* **WHAT THE TASK REQUIRES**
Without including any pictures, write out all the entries exactly.

Start of Block

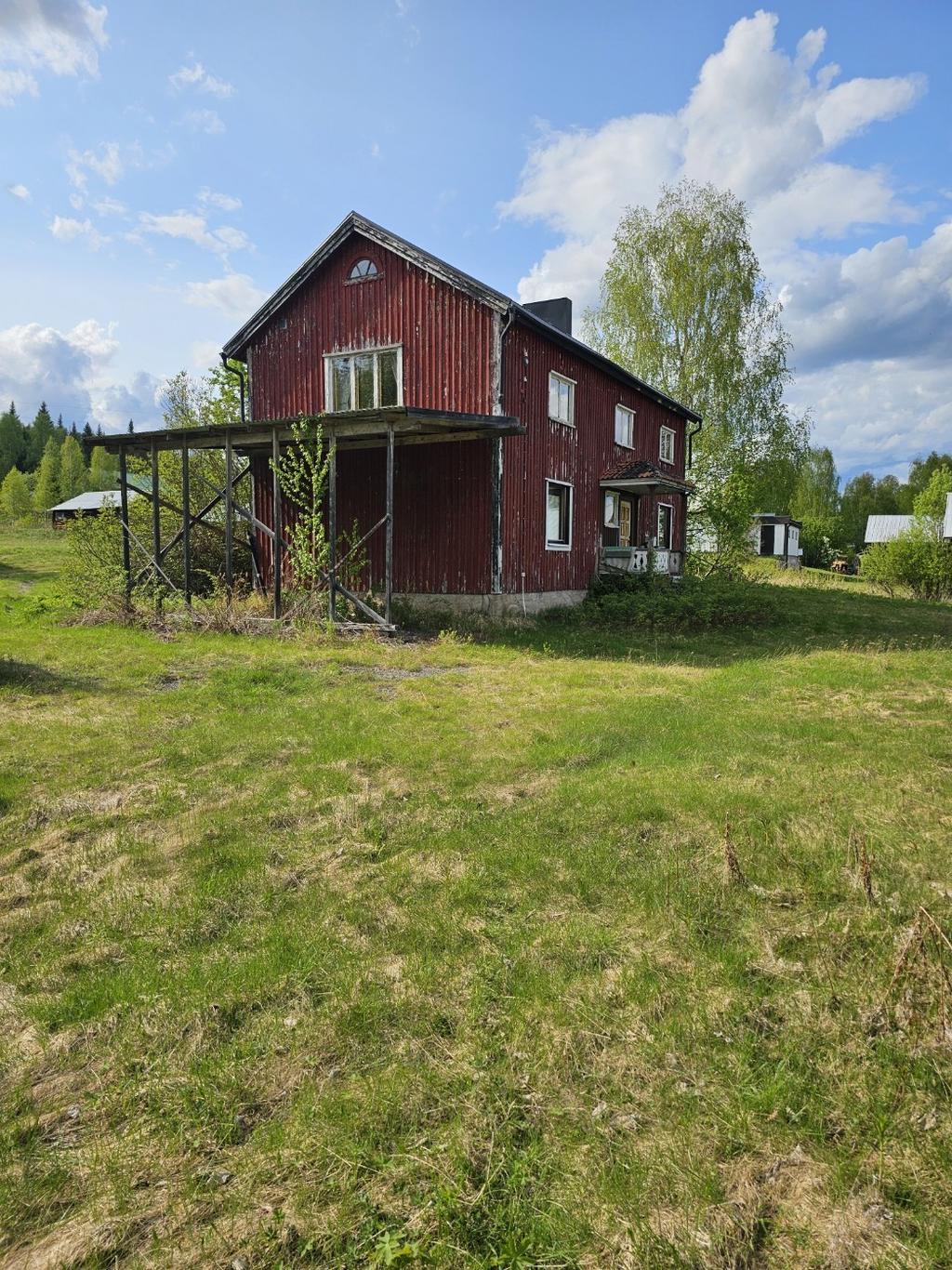 Huvudbyggnad 
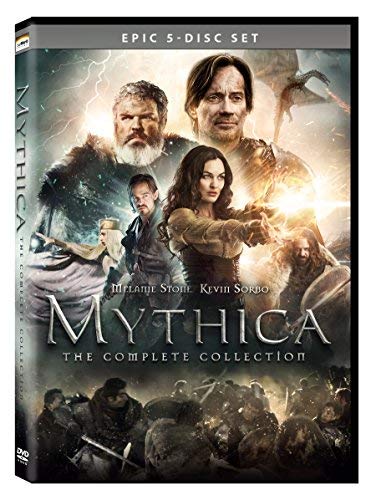 Mythica The Complete Collectiion 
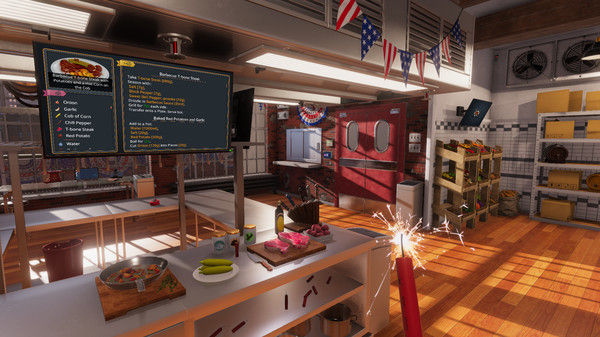 烹饪模拟器/Cooking Simulator 截图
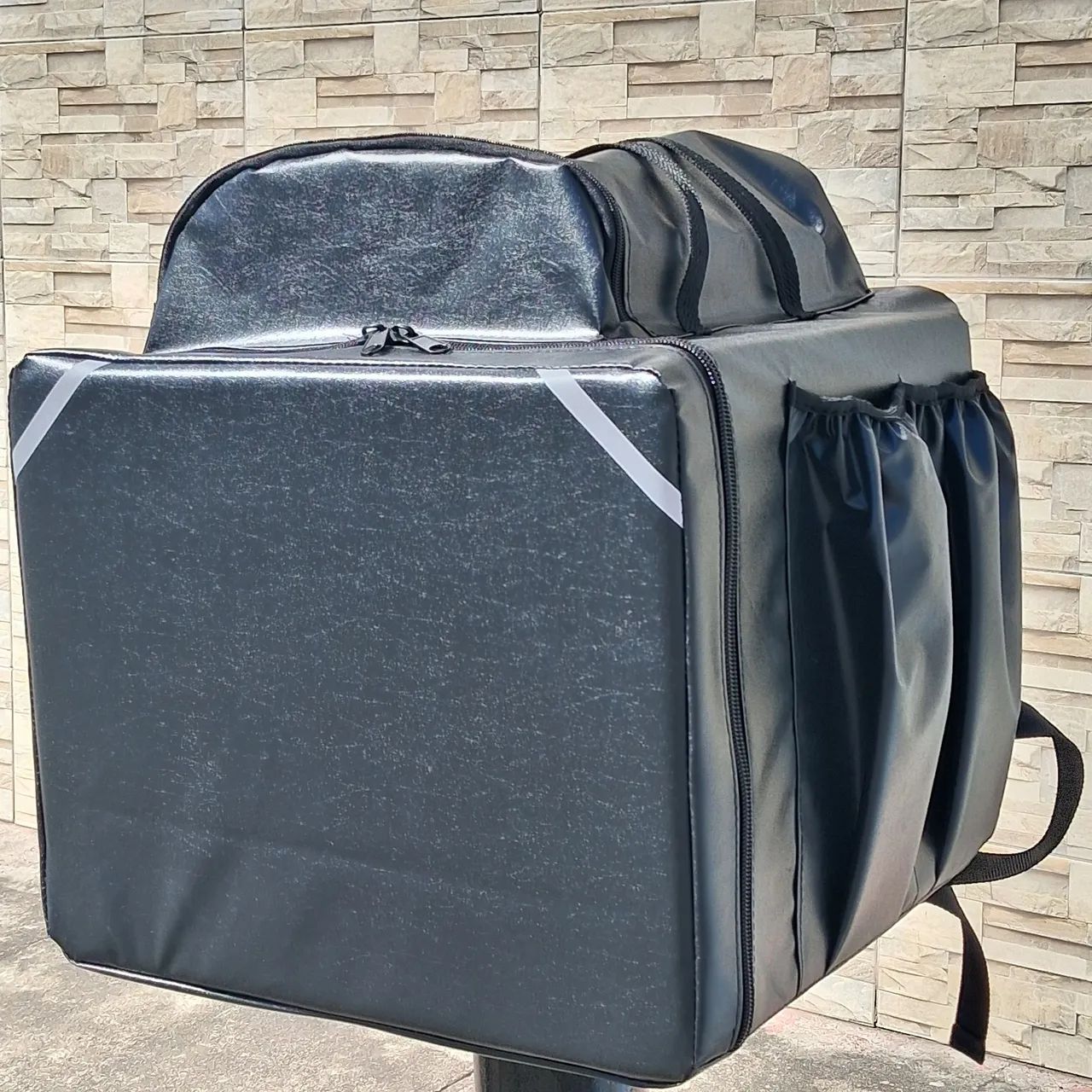 Bag impermeável resistente + 6 meses de garantia 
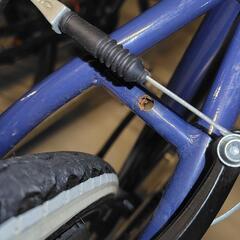 【取り引き決定】ダイワサイクル　レッシグ　スポーツタイプ　7段変速　自転車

End of Block

* **YOUR SOLUTION**
 Huvudbyggnad 
 Mythica The Complete Collectiion 
 烹饪模拟器/Cooking Simulator 截图
 Bag impermeável resistente + 6 meses de garantia 
 【取り引き決定】ダイワサイクル　レッシグ　スポーツタイプ　7段変速　自転車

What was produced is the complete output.